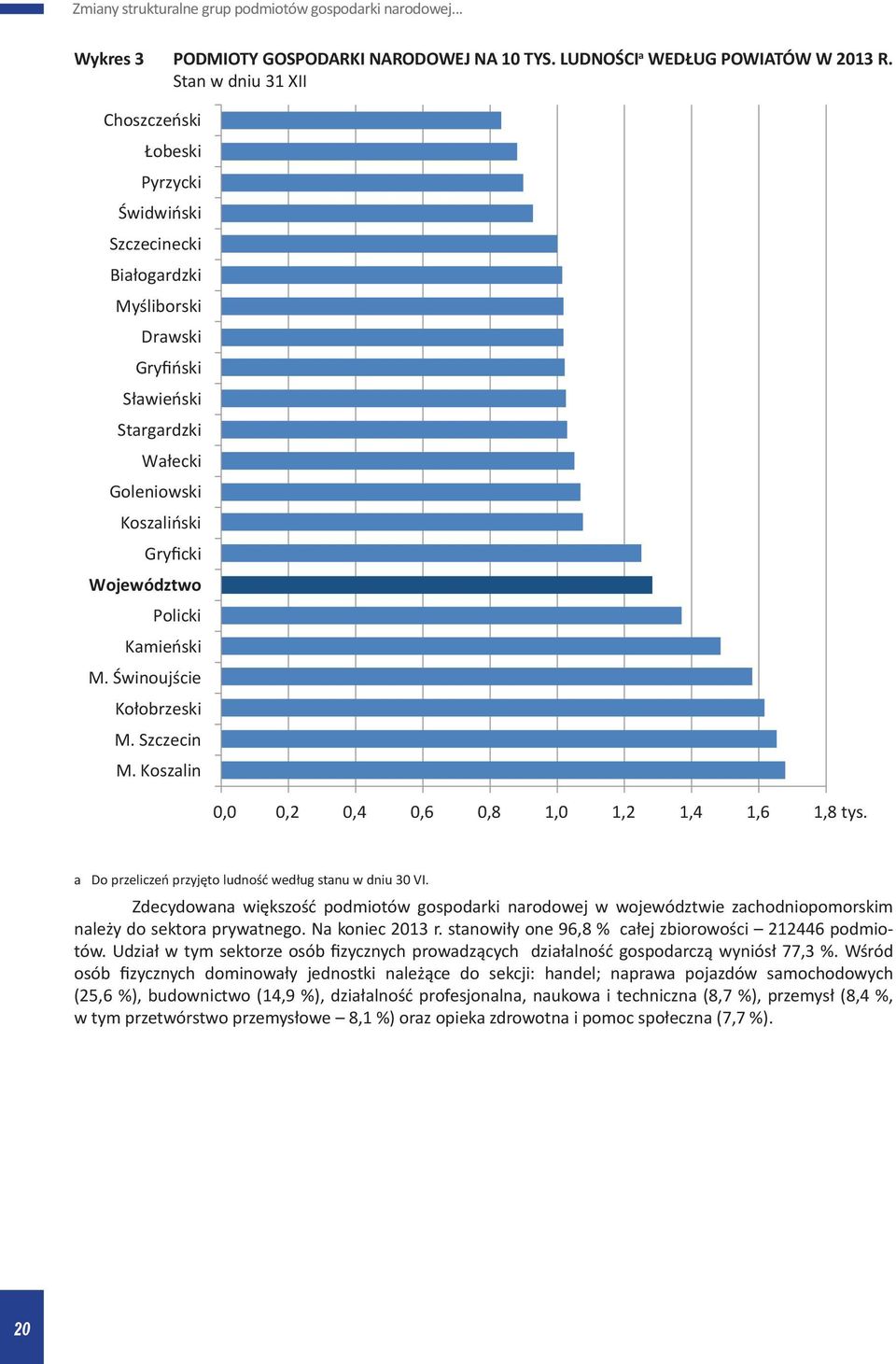 Kamieński M. Świnoujście Kołobrzeski M. Szczecin M. Koszalin 0,0 0,2 0,4 0,6 0,8 1,0 1,2 1,4 1,6 1,8 tys. a Do przeliczeń przyjęto ludność według stanu w dniu 30 VI.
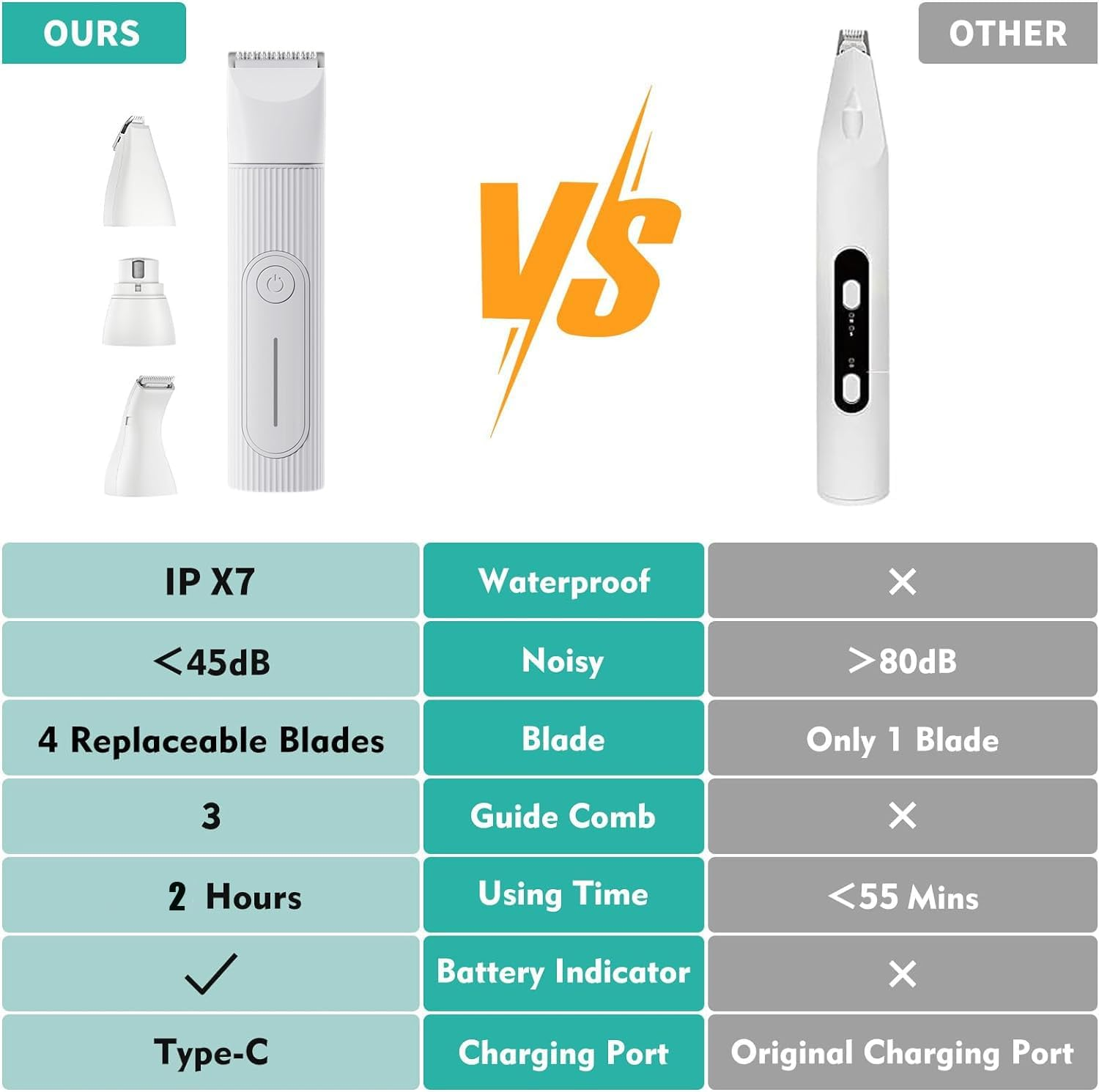Dog Clippers Grooming Kit Hair Clipper-Low Noise Paw Trimmer- Rechargeable - Cordless Quiet Nail Grinder Shaver for Cats and Other Pets image number 3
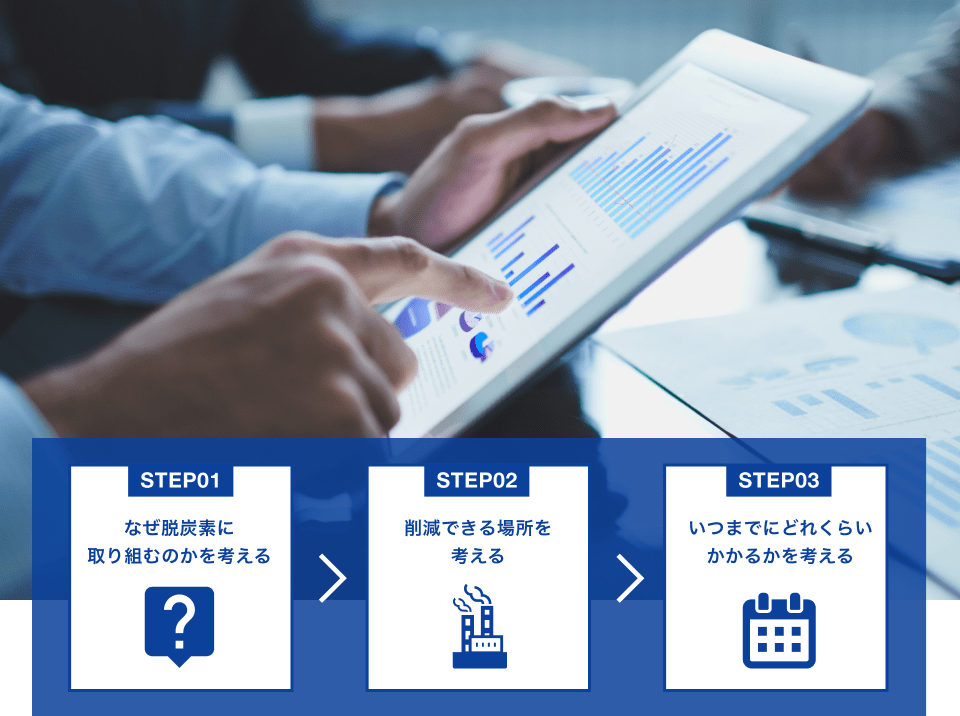 企業の脱炭素化の取り組み全体像の解説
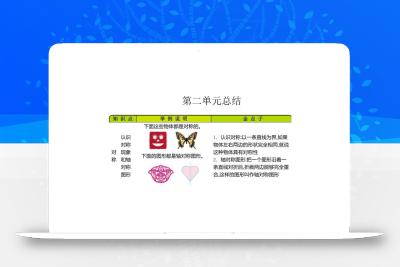 三下青岛版数学全册重点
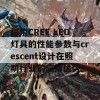 探索CREE LED灯具的性能参数与crescent设计在照明行业的应用优势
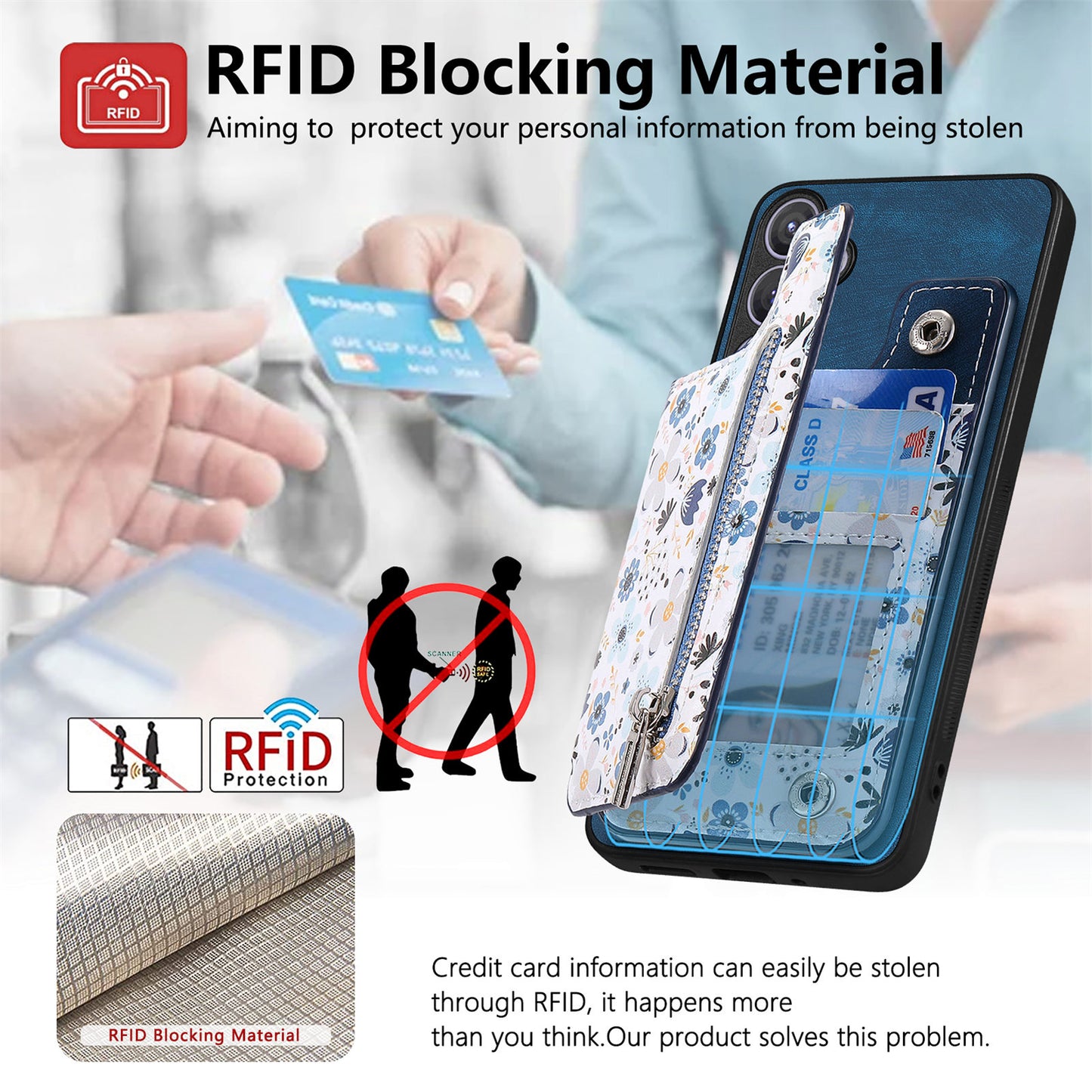 D10 For Samsung Galaxy S24+ Cell Phone Case Pattern Printing Card Bag Zipper Wallet Cover - Blue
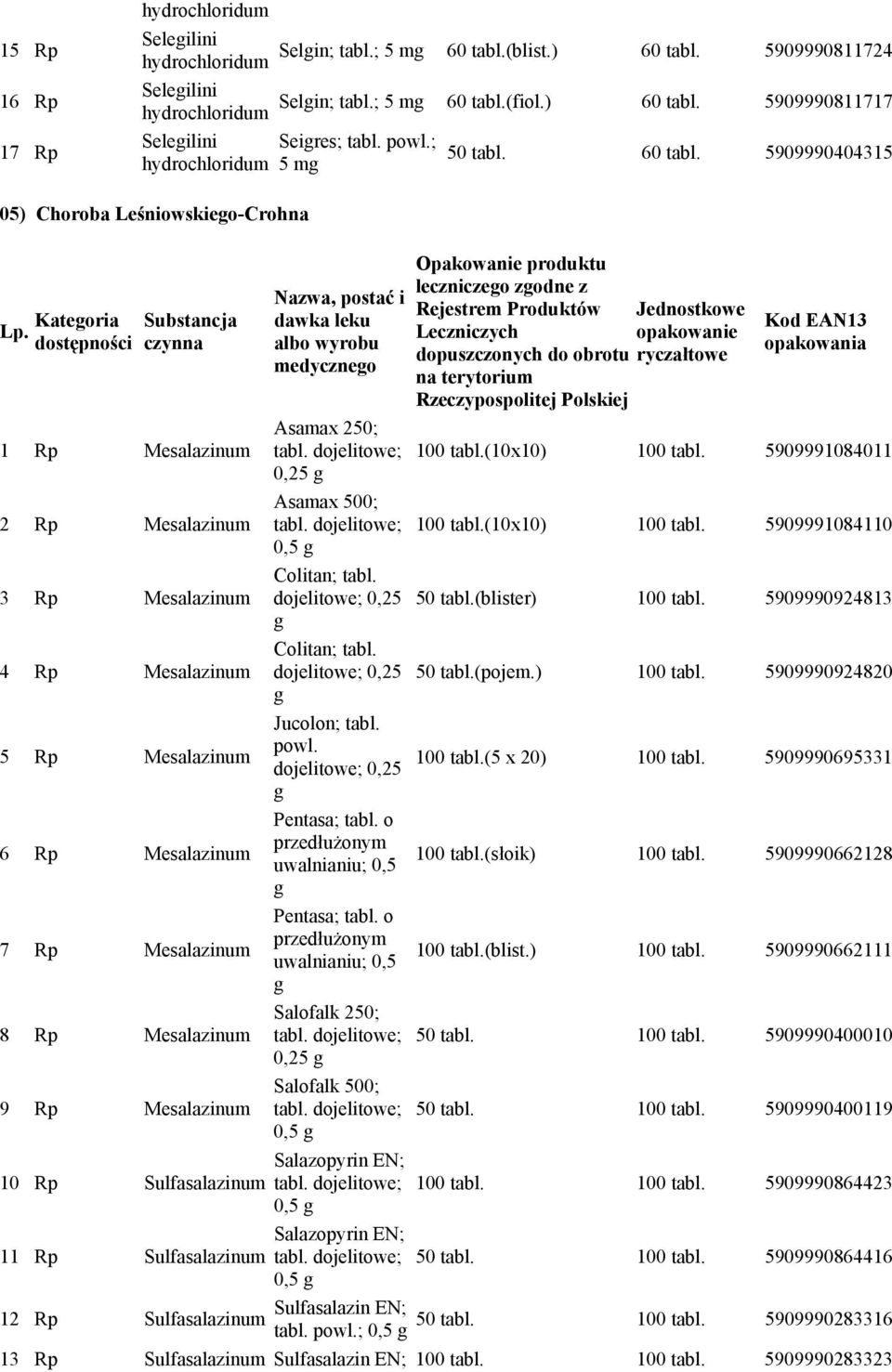 obrotu ryczałtowe na terytorium Rzeczypospolitej Polskiej Kod EAN1 opakowania 1 Mesalazinum Asamax 250; tabl. dojelitowe; 100 tabl.(10x10) 100 tabl. 5909991084011 0,25 2 Mesalazinum Asamax 500; tabl.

--- Assignment ---
Once the line with "三下青岛版数学全册重点" is found above, print it and every line after it through the line with "D10 For Samsung", exactly. Pictures stay out.

--- Solution for this problem ---
 三下青岛版数学全册重点
 探索CREE LED灯具的性能参数与crescent设计在照明行业的应用优势
 D10 For Samsung Galaxy S24+ Cell Phone Case Pattern Printing Card Bag Zipper Wallet Cover - Blue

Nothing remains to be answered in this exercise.